The Collossus of Rhodes, John Ashton's Monument, Big Bertha (Who was Bertha?), call it what you will, Schwabe's famous chimney that dominated the skyline of Middleton has to be worthy of a mention.
The wealthy mill owners vied for a place in the record books and had the money to have a go, no doubt taking time off to play with the 'boy's toy's' of the day, just because they could! Rhodes chimney went down in the history books for a while as being the tallest chimney in Europe but it wasn't long before Salis was 'outdone' and no doubt he was a bit gutted but still, Rhodes chimney had its glory moment and remained standing until the early 1980's.
Built by John Ashton of Blackley in 1846 at a cost of £5,000 and 8 months in the making, the chimney contained over one and a half million bricks and was 358 feet high. As many bricks again were underground in a basement 39ft deep with flues reaching outwards and onwards to 16 boilers in various buildings on the vast site. The chimney had iron neck moulds and a cap weighing 11 tons. It was said that this cap was wide enough to ride a horse and cart round it. The inside diameter at the entrance of the flues was 22 feet and inside diameter at the top, 9 feet.
The stone bore the monogram "S.S & Co. 1846." Typically of Salis, it is said that he had a portrait painted of the builder "seated at home with the chimney, his masterpiece, in view through an open door" and presented it to him. It would be interesting to know what became of this. Could it be gathering dust in someone's loft?
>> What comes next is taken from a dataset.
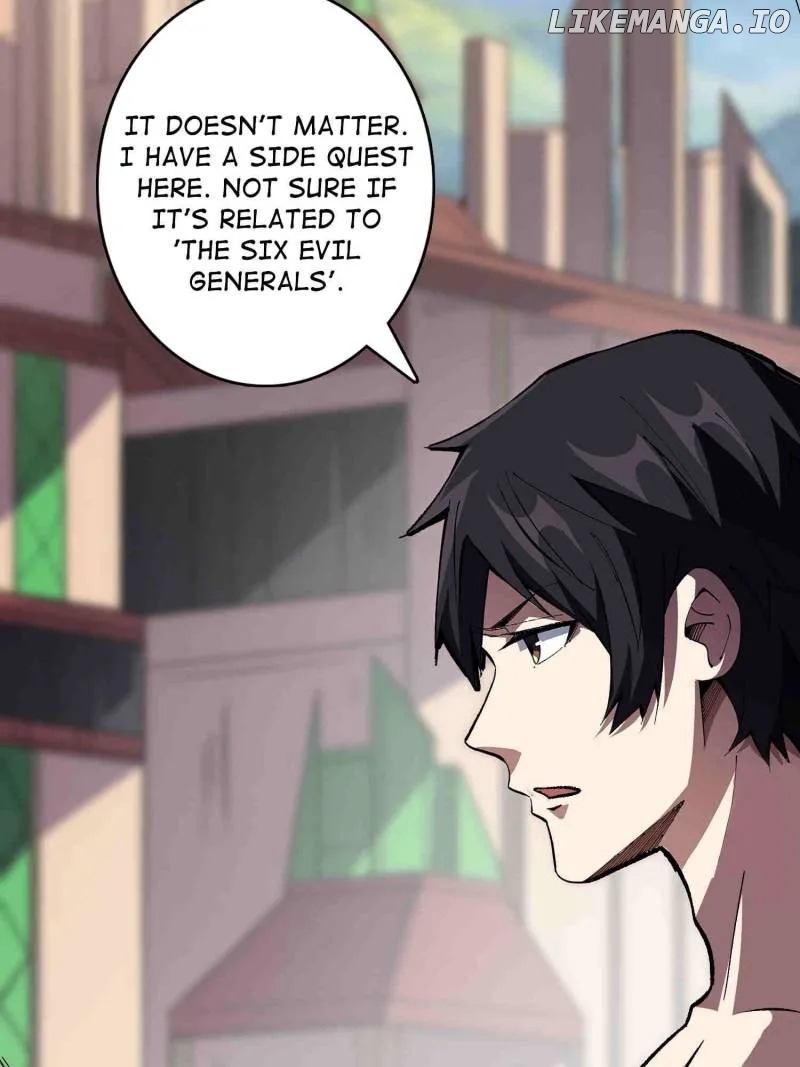 I’m Really Not A Supervillain Chapter 214 - page 6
In 1848, the Schwabes moved just out of Middleton to Crumpsall House off Middleton Road, just after Heaton Park near to the bottom of Crumpsall Lane. Rhodes would have been getting quite built up and of course they could afford a bigger and better home for their growing family. Moving literally just up the road would suggest they didn't really want to leave Middleton at all as they certainly didn't go very far. Maybe Crumpsall House was the nearest property suiting their needs to become available.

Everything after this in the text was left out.